### EXERCISE INPUTS
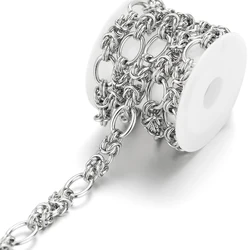 1 Meter Stainless Steel Punk Knot Link Chains for DIY Jewelry Gifts Hip-Hop Necklace Bracelet Findings Accessories Bulk Supplies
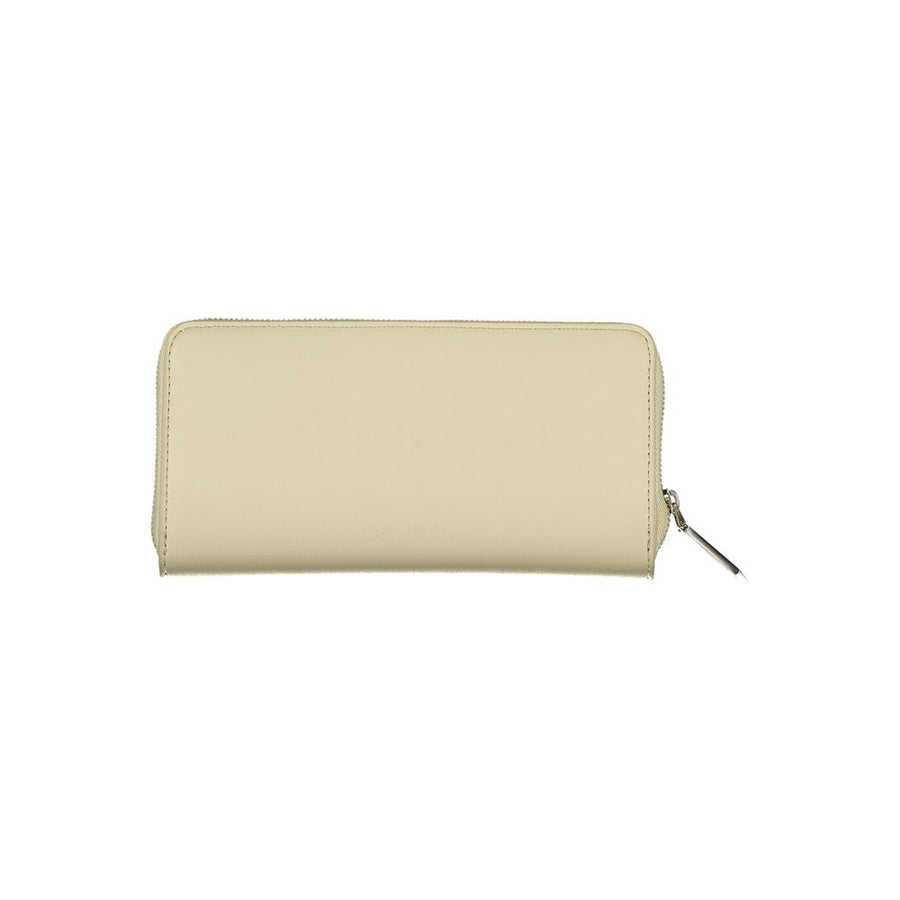 Calvin Klein beige polyurethane zip around women wallet with silver logo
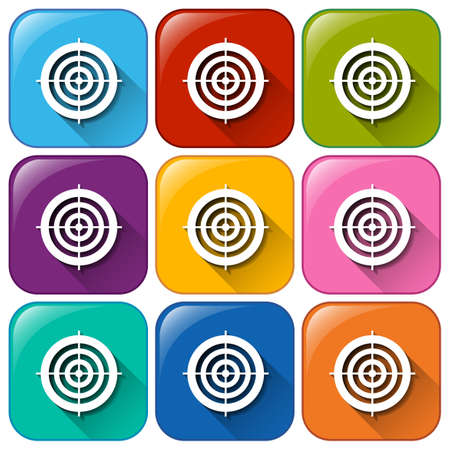 Rounded icons with target buttons on a white backgroundのイラスト素材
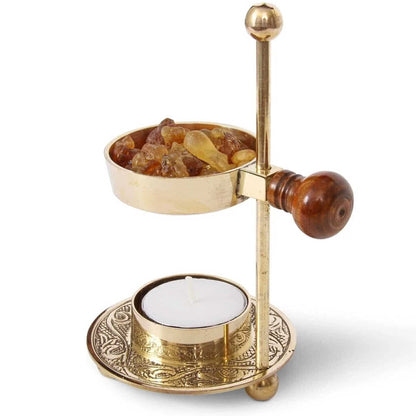 Brass Tea Light Candle Resin Incense Burner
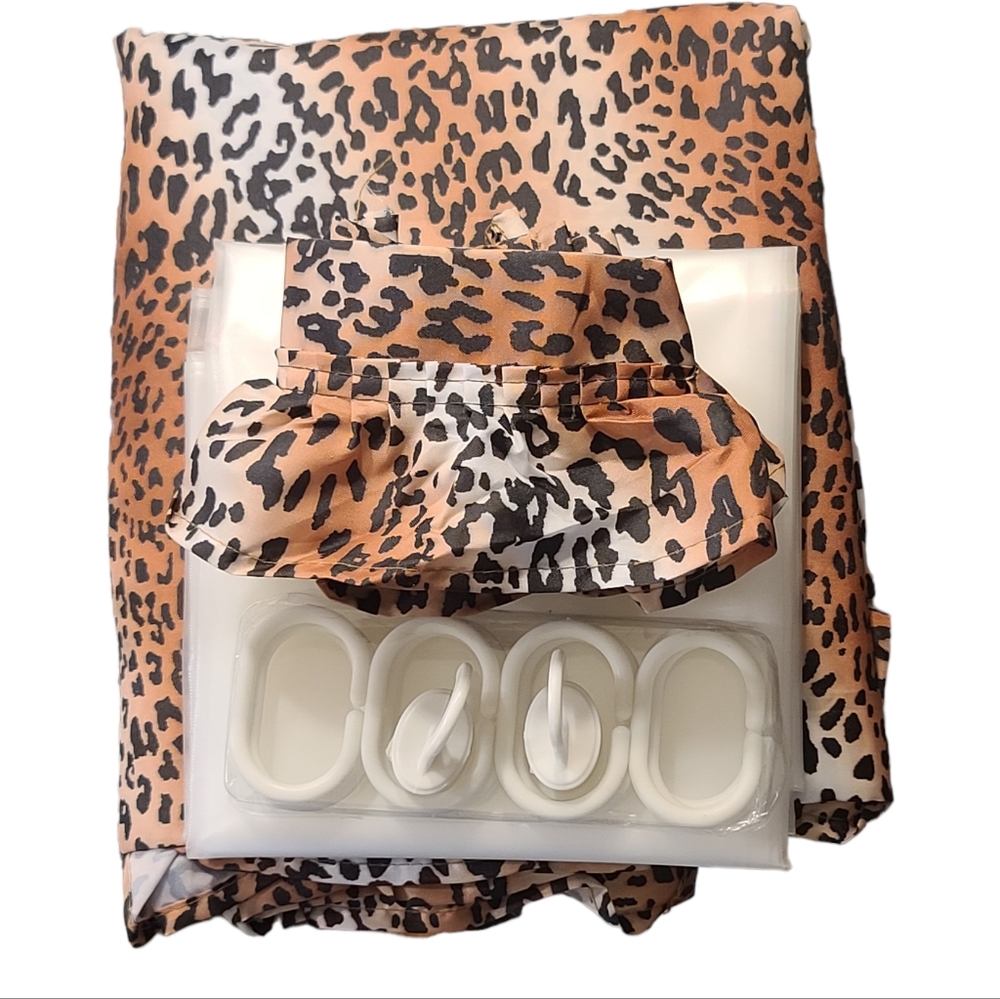 NEW Leopard Shower Curtain Set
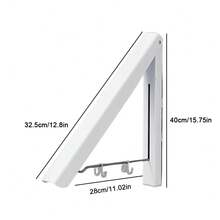 Kleiderhaken Klappbar Wand Kleiderständer, Aluminium Kleiderbügel mit Kleiderhaken, Kleiderlüfter Wandgarderobe Haken Halter für Schlafzimmer Badezimmer Balkon Indoor Outdoor - Weißes Teleskop - Übersicht 11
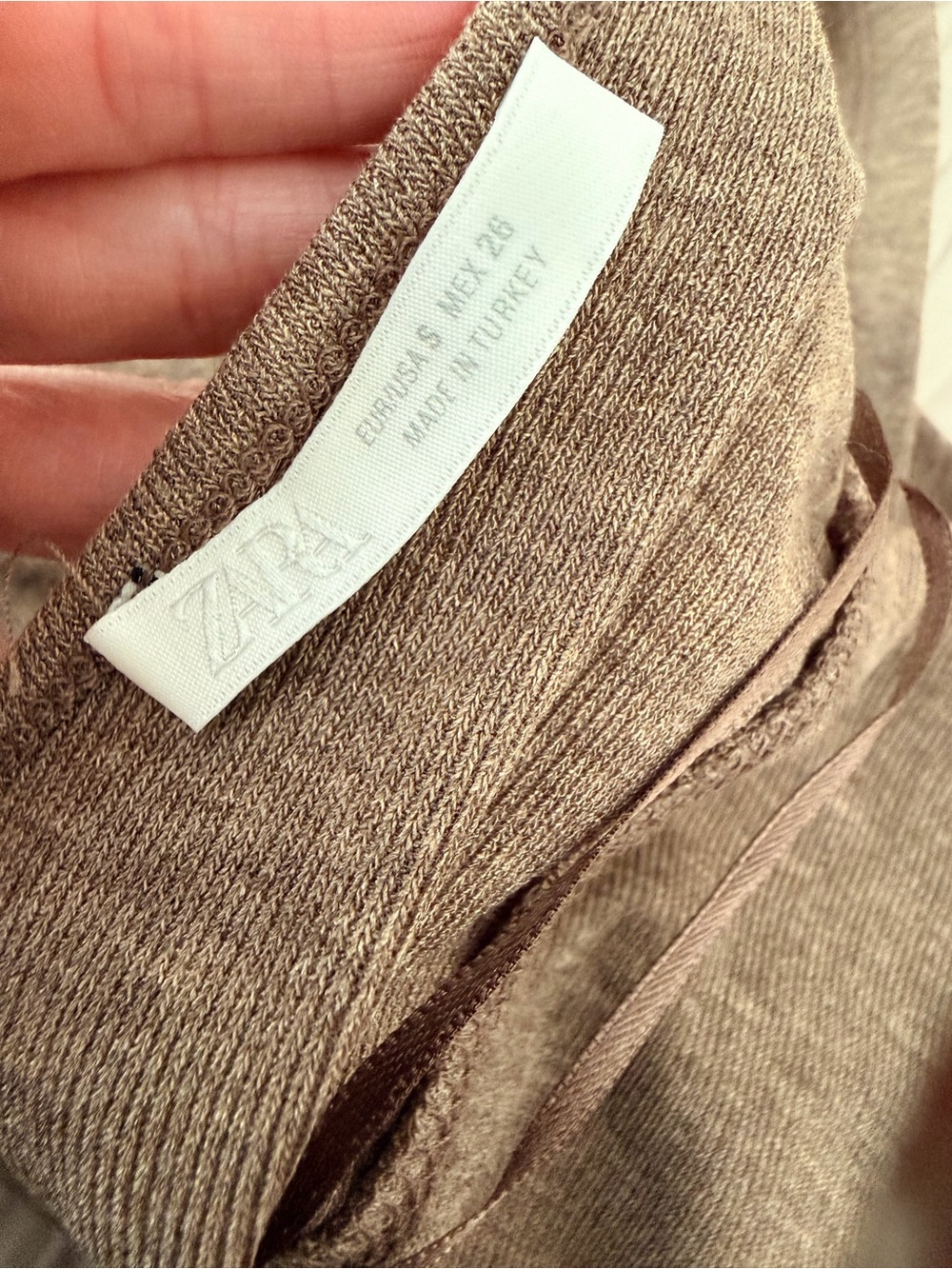 Zara long strappy dress Maxi Dress in Taupe Brown, small - Picture 3 of 6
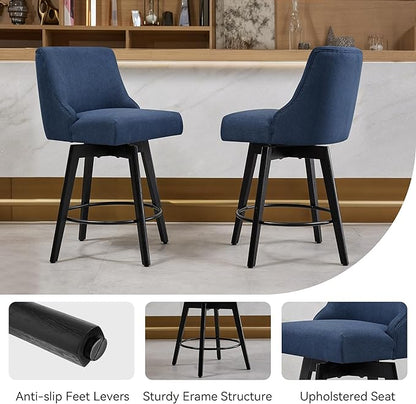 Counter Height Bar Stools Set of 3, Swivel Barstools with Backs and Wood Legs, Linen Fabric Upholstered Counter Stools for Kitchend Island, Mid-Century Modern 26" Seat Height Bar Chairs, Blue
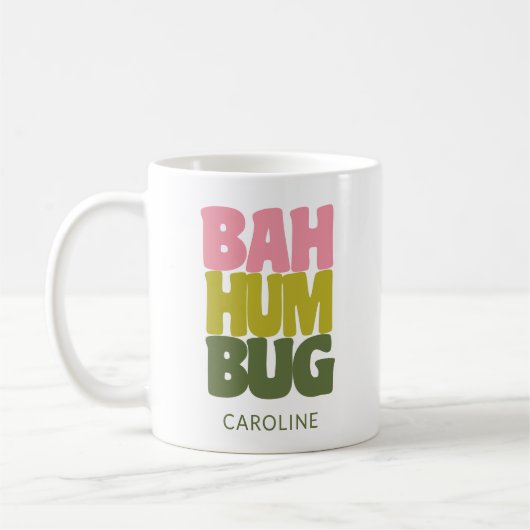 Gepersonaliseerde naam Bah Humbug Christmas Quote Koffiemok (Links)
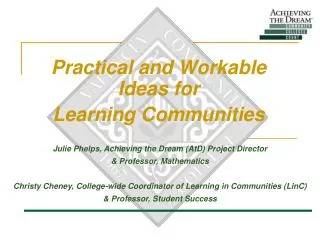 Practical and Workable Ideas for Learning Communities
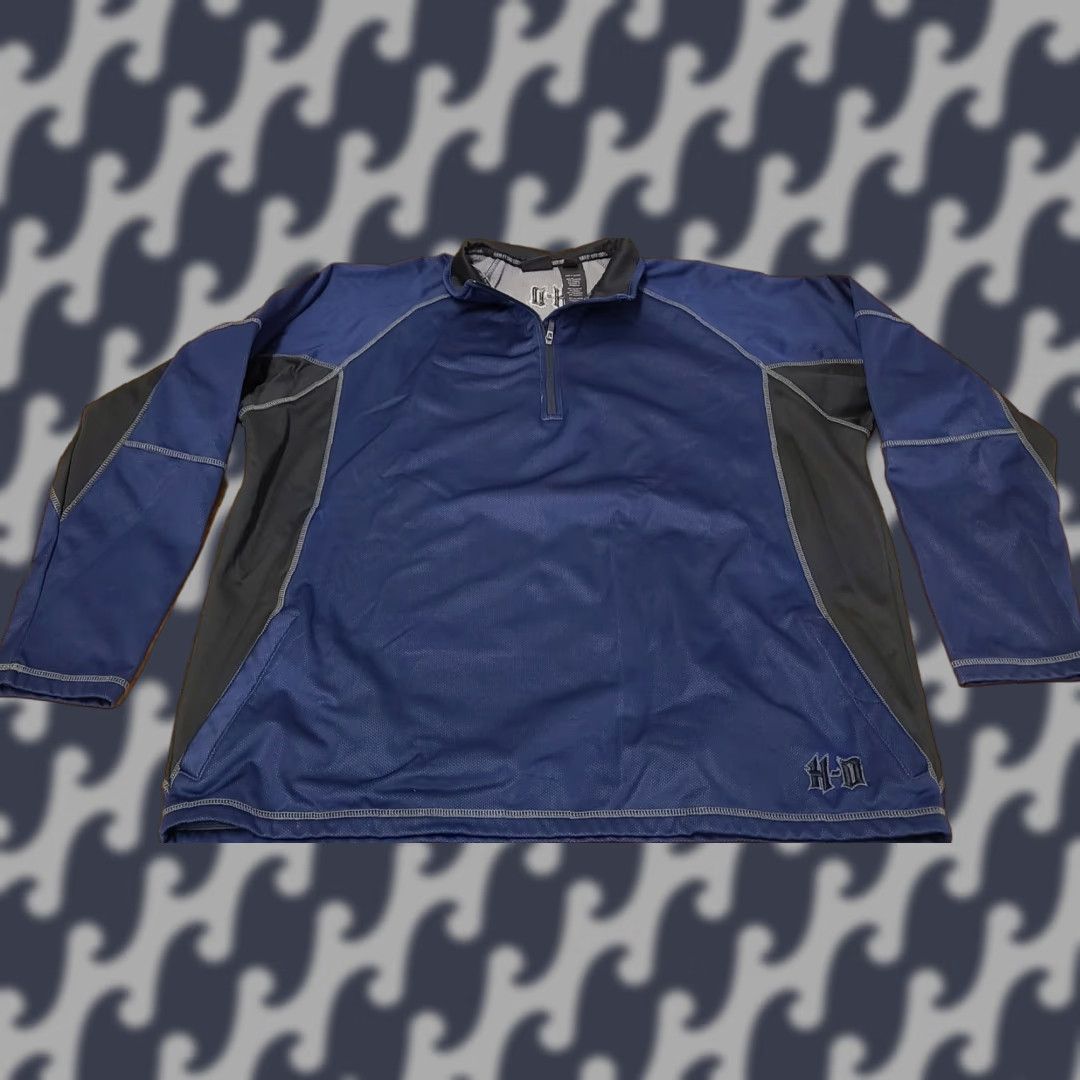 Harley Davidson Harley-Davidson 1/4 Zip Fleece Pullover Shirt Mens 3XL Heather Blue Logo Zipper Sweater Casual Workwear Motorcycle L/S Size US XXL / EU 58 / 5 - 1 Thumbnail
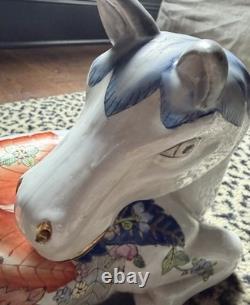 VTG Whimsy Chinese Floral Horse Figurine Porcelain Sculpture Decor 11 Eclectic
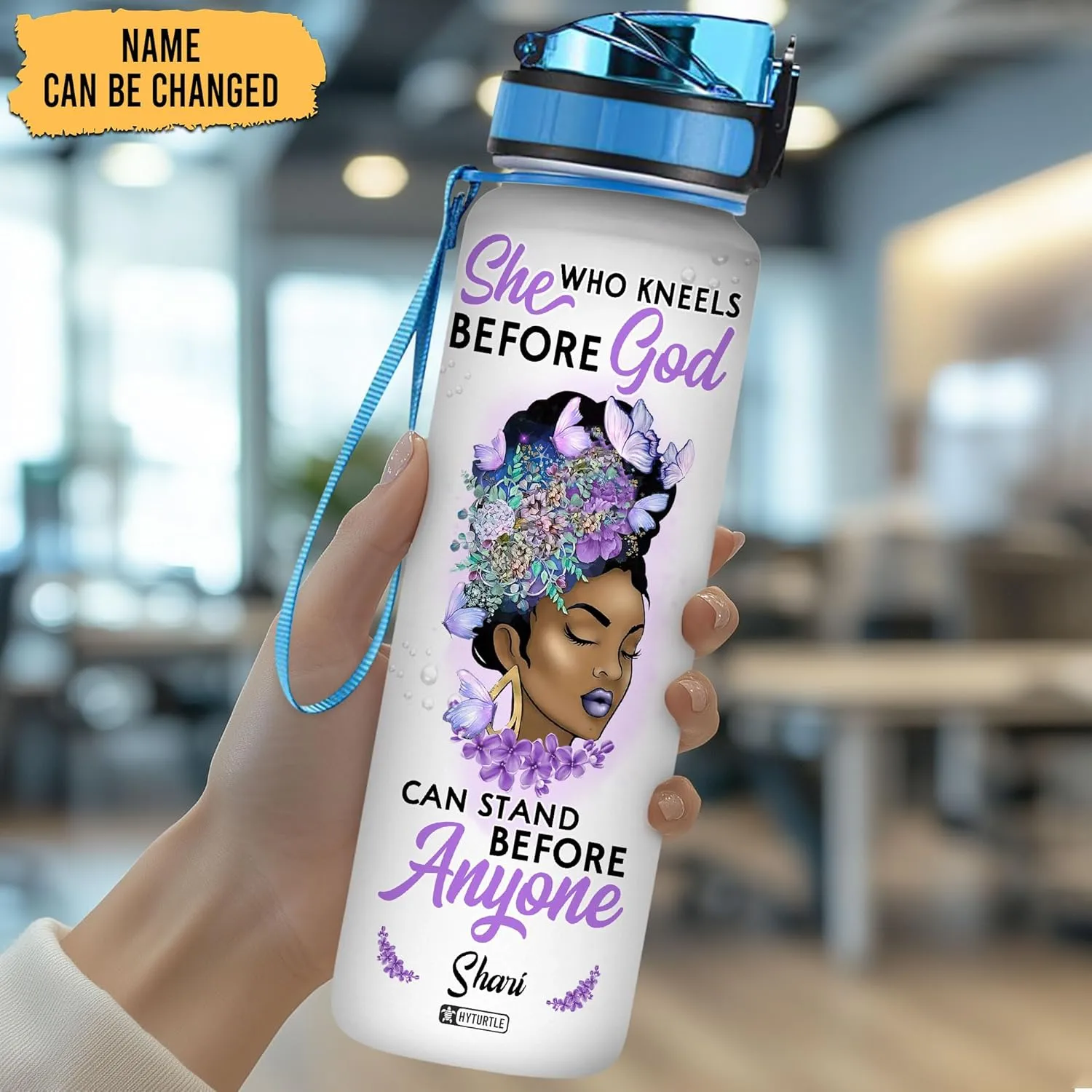 Hyturtle Personalized She Who Kneels Before God Black Women Butterfly 32Oz Liter Motivational Water Bottle, Customized Name Water Bottle With Time Marker, Gifts For Black Women, Girls On Birthday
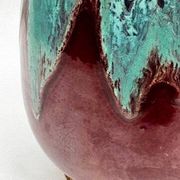 Vase CAB (Ceramics of Art from Bordeaux), turquoise green and red glaze.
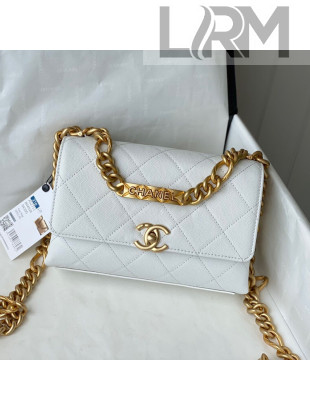 Chanel Grained Calfskin & Gold-Tone Metal Mini Flap Bag AS2711 White 2021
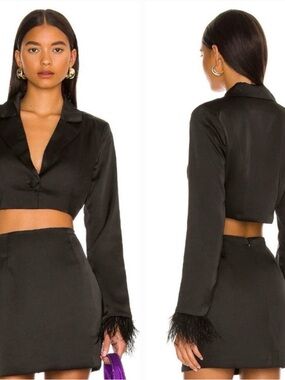 Black Satin Cropped Blazer with Feather Cuffs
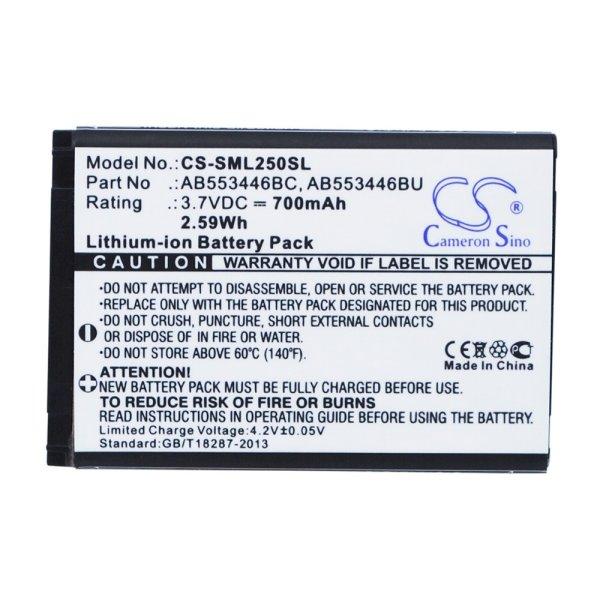 Samsung AB553446BU, AB553446BC, AB553446BU 3.7V 700mAh utángyártott akku
Li-ion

### TASK INSTRUCTIONS
Copy exactly, without pictures, the lines above from the one with "NEW Leopard Shower Curtain Set" down to the one with "Zara long strappy", inclusive.

### EXPECTED ANSWER
 NEW Leopard Shower Curtain Set
 Kleiderhaken Klappbar Wand Kleiderständer, Aluminium Kleiderbügel mit Kleiderhaken, Kleiderlüfter Wandgarderobe Haken Halter für Schlafzimmer Badezimmer Balkon Indoor Outdoor - Weißes Teleskop - Übersicht 11
 Zara long strappy dress Maxi Dress in Taupe Brown, small - Picture 3 of 6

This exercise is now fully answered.